Actually, that's pretty much how I make mine.  I have to be careful about how much garlic salt I use, though.

I've also used a partial tub of margarine, let it come to room temperature, and started mixing in garlic powder until it tastes good.  I would chill this, and spread it on bread for a quickie garlic bread.


----------



## kitchenelf (Dec 6, 2004)

Growing up I LOVED my mom's garlic bread - it was just plain white bread, spread with butter then sprinkled with garlic salt - put under broiler - I thought it was THE best!


----------



## Psiguyy (Dec 7, 2004)

I am so happy that I'm not the only one who enjoys garlic bread made with garlic salt.  

Sometimes, I go the roasted garlic and parmesan cheese route, but I still prefer the way my mom made it.  

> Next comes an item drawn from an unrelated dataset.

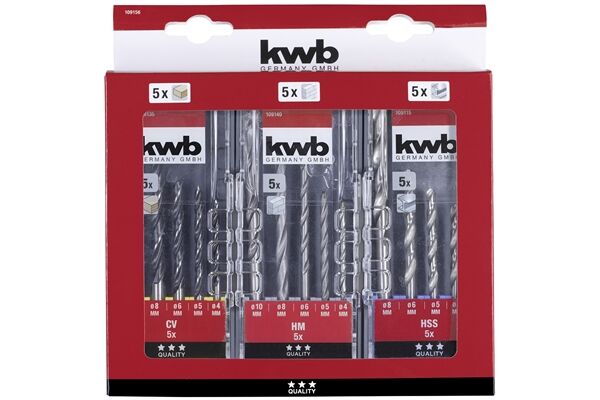KWB Powerbox Set, Ø 3 - 8 mm, 15-tlg., 3 St.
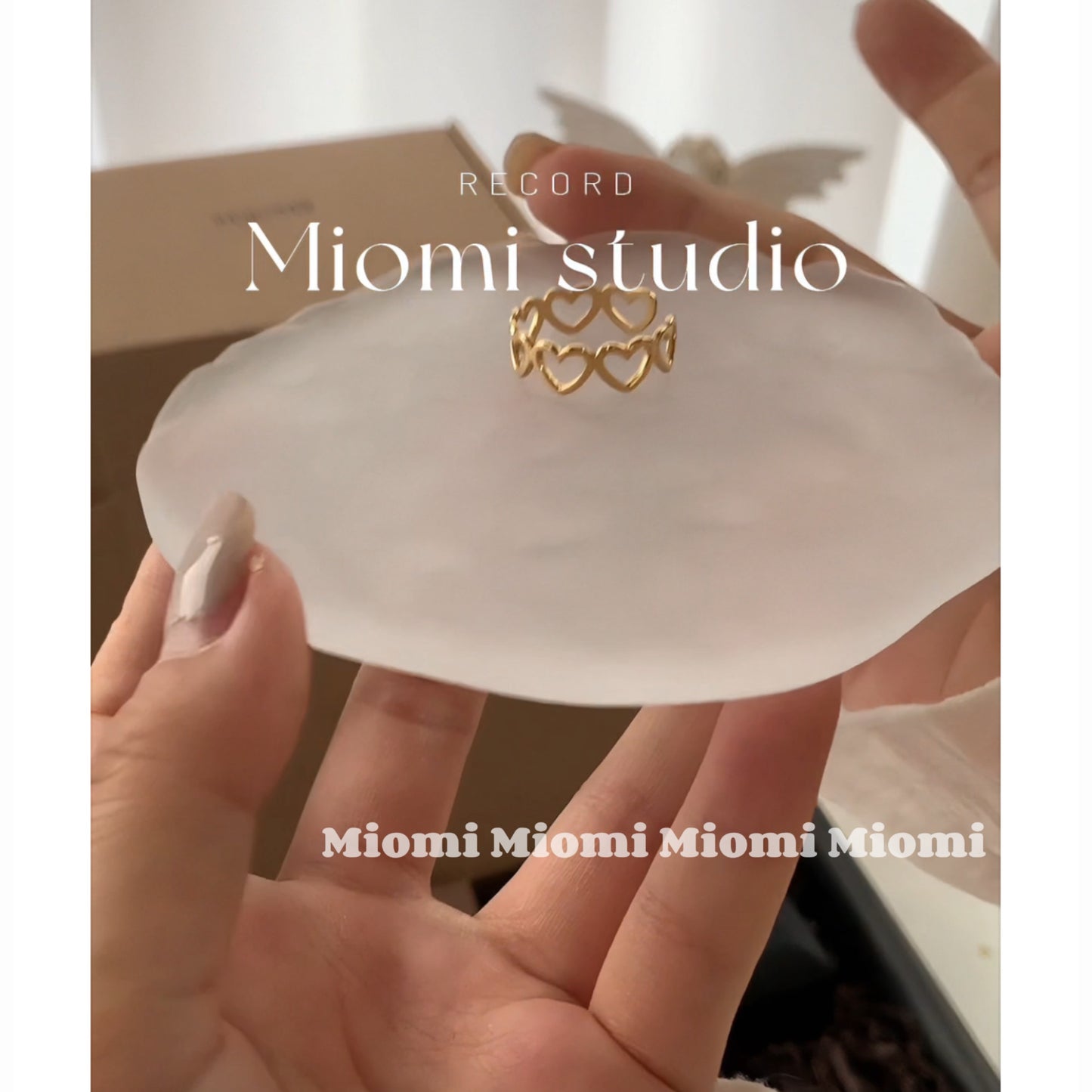 14k Gold-plated love hollow ring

Kind of like a comfort food.  Even though it's not gourmet, it's something I grew up with and it reminds me of my mom.


----------



## DampCharcoal (Dec 7, 2004)

Next time you're at the store, pick up a couple of heads of garlic. When you get home go out in the yard, dig up a small patch and plant the heads about 4-6 inches deep (assuming the ground isn't frozen yet.) Next summer you should have quite a bit of garlic to work with! I did this last fall and was pleasantly surprised! Oh, Elf, did you enjoy your Garlic Butter Soup en Croute?


----------



## choclatechef (Dec 7, 2004)

DampCharcoal said:
			
		

> Next time you're at the store, pick up a couple of heads of garlic. When you get home go out in the yard, dig up a small patch and plant the heads about 4-6 inches deep (assuming the ground isn't frozen yet.) Next summer you should have quite a bit of garlic to work with! I did this last fall and was pleasantly surprised! Oh, Elf, did you enjoy your Garlic Butter Soup en Croute?

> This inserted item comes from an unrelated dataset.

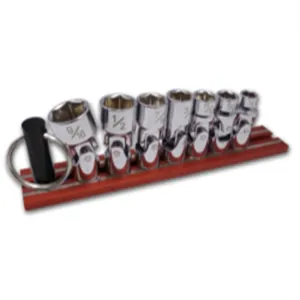 VIM Tools VIM Universal SAE Socket Set, 7 Piece 1/4 Inch Thru 9/16, On Red Magrail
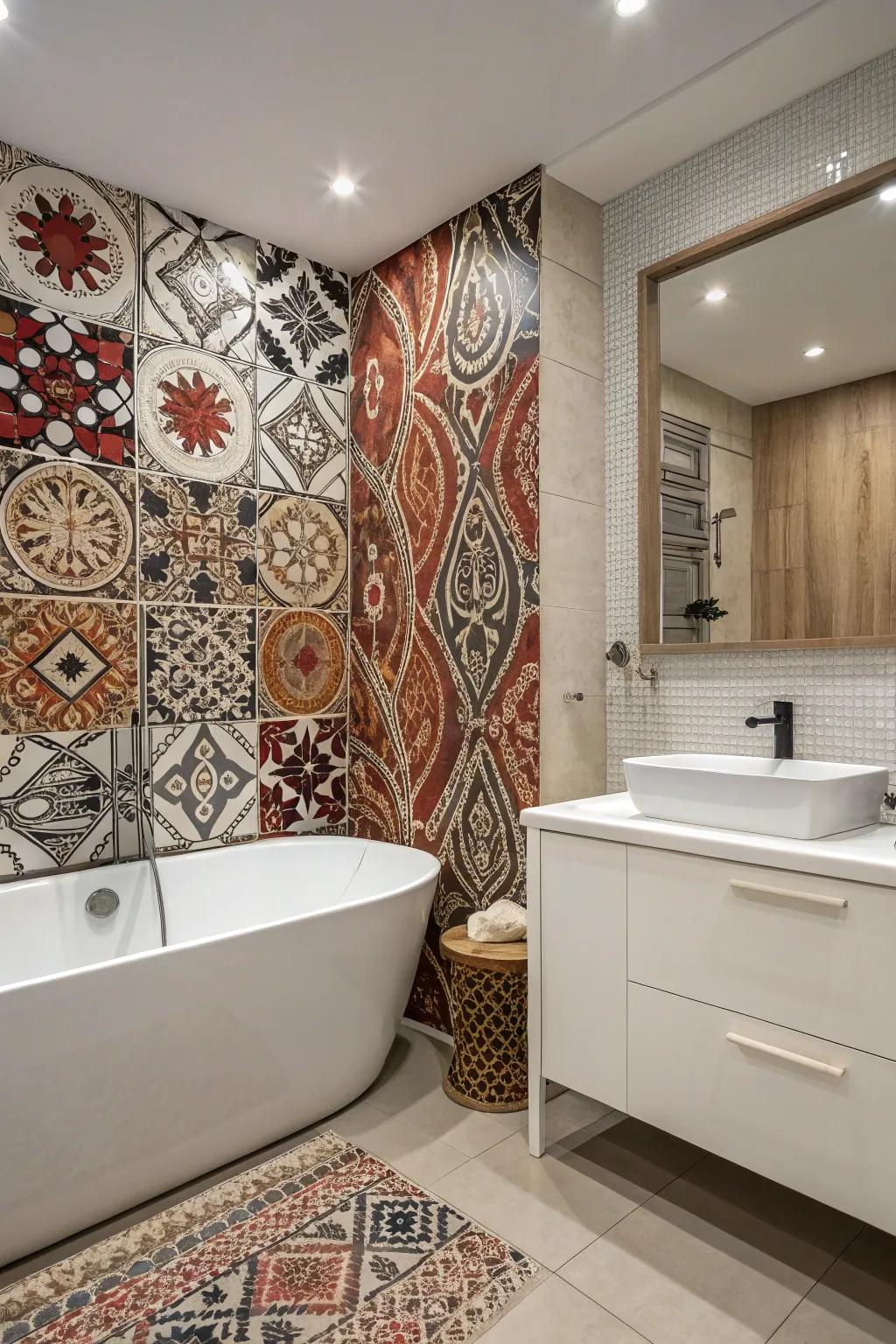 A highlight wall injects personality into this elegant bathroom.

If you run across a patch of wild garlic, you can do the same thing.  It has a richer garlic flavor than domestic garlic, but small bulbs.


----------



## debthecook (Dec 7, 2004)

I have this dull aching pain in my left arm from my shoulder to the tips of my fingers after reading your recipe Damp Charcoal.


----------



## kitchenelf (Dec 7, 2004)

ROFL deb

LOL DampCharcoal - how did you know what we called it


----------



## DampCharcoal (Dec 7, 2004)

I knew because I'm psycho, I mean, psychic!


----------



## buckytom (Dec 7, 2004)

choclatechef said:
			
		

> If you run across a patch of wild garlic, you can do the same thing.  It has a richer garlic flavor than domestic garlic, but small bulbs.

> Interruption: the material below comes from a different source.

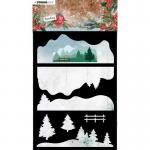 Studio Light Sending Joy Collection Stencil - Layered Winter Landscape [SL-SJ-MASK33]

choc, i have wild garlic growing in my garden, or so my mil said, but i thought it was more of just an onion grass. ya know, edible, but not very tasty. thanks for the tip. will have to try some next year...


----------



## jennyema (Dec 7, 2004)

mudbug said:
			
		

> Sigh.  Da Bearz....what happened after 1985?  I still wear my old jersey out of nostalgia for days gone by. .




My parents live a block away from where the Bears used to practice and she made friends with Walter Payton and "The Fridge" (she called him "William").  USed to bake them brownies.  I still have Walter's wristbands somewhere ...


----------



## choclatechef (Dec 7, 2004)

buckytom said:
			
		

> choclatechef said:
> 
> 
> 
> ...



Good.  I know you will like it.  But remember, wild garlic is stronger, so use a little less than you would the cultivated garlic.  

You can transplant where you want it to grow -- remember, roses love garlic also.  Garlic helps keep pests away from them.


----------



## mudbug (Dec 8, 2004)

jennyema said:
			
		

> I still have Walter's wristbands somewhere ...



You could probably sell them on ebay to a fan.  There's plenty of folks out there who still love and remember the late, great "Sweetness".


----------